▸ **DATASET EXCERPT**:
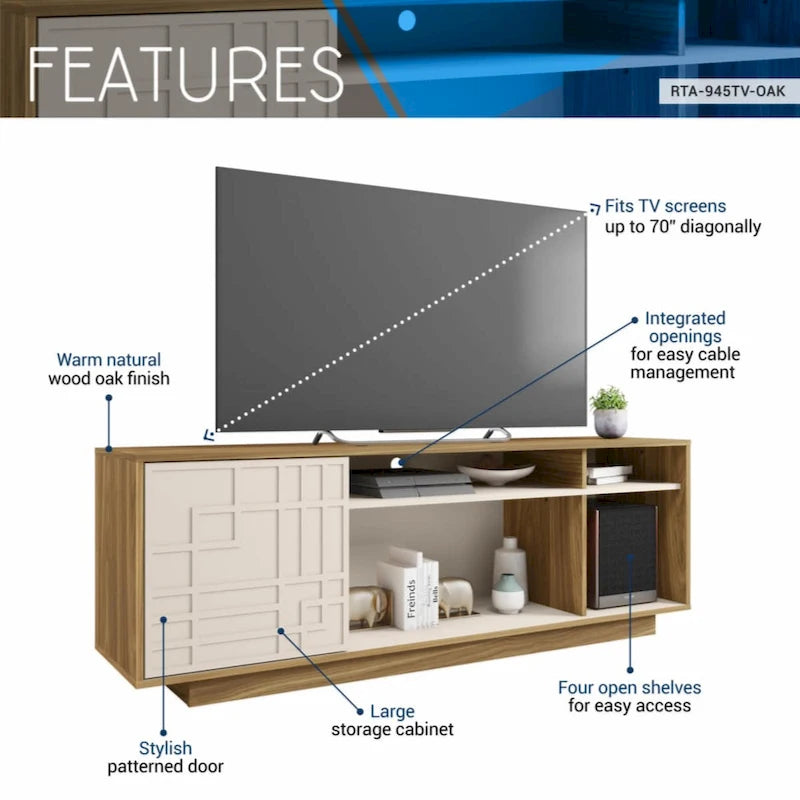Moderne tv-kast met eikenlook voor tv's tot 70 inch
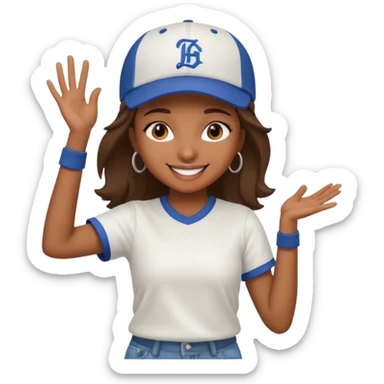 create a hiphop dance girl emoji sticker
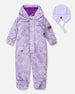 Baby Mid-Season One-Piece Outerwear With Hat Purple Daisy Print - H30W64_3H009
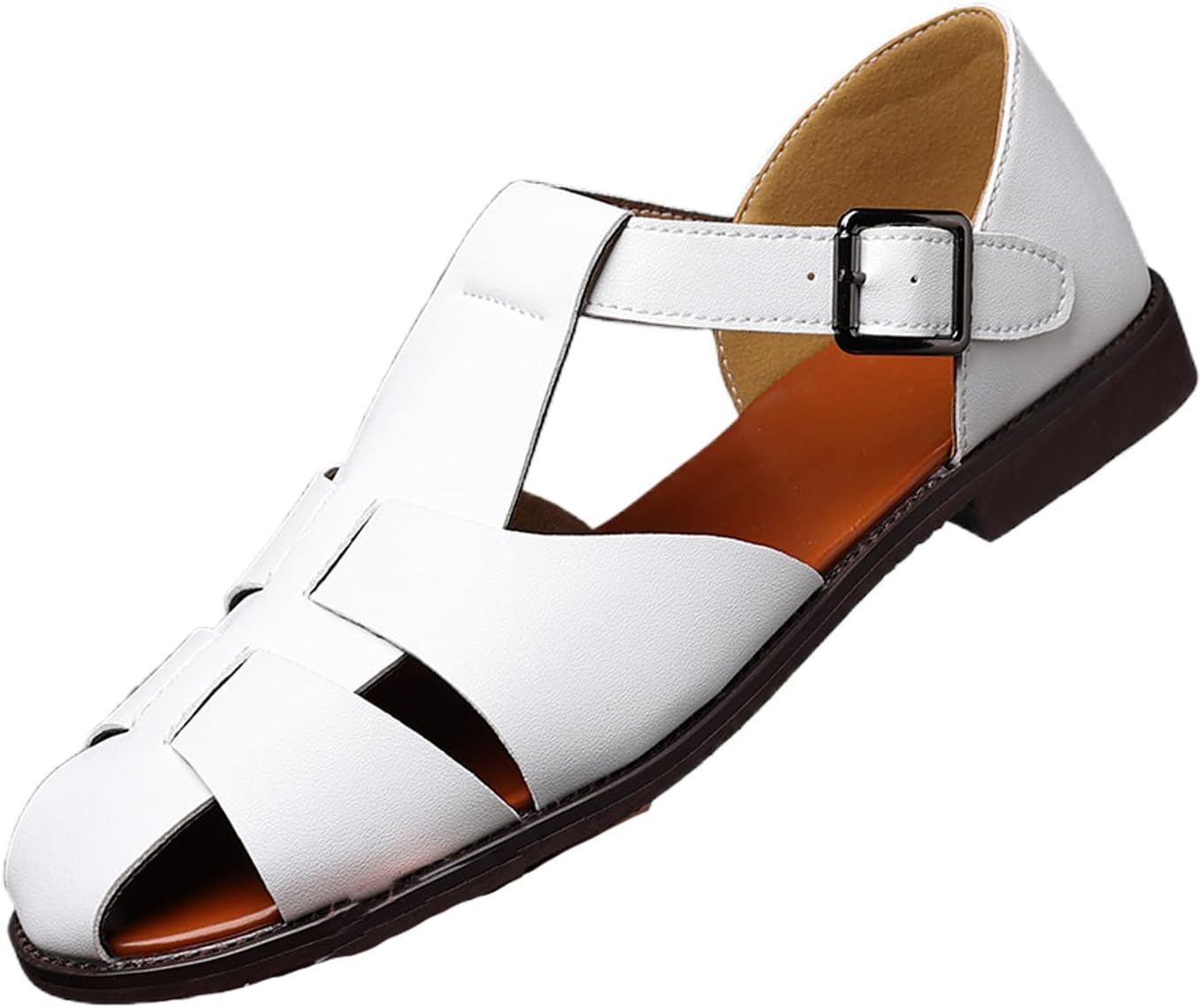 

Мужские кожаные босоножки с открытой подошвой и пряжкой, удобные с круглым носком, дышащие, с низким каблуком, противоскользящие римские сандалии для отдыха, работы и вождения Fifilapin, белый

▸ **EXERCISE GOAL**: Restate word for word only the lines from the one with "Baby Mid-Season One-Piece" through the last line of the material, both included. Any picture should be left out.

▸ **WRITTEN ANSWER**:
 Baby Mid-Season One-Piece Outerwear With Hat Purple Daisy Print - H30W64_3H009

Мужские кожаные босоножки с открытой подошвой и пряжкой, удобные с круглым носком, дышащие, с низким каблуком, противоскользящие римские сандалии для отдыха, работы и вождения Fifilapin, белый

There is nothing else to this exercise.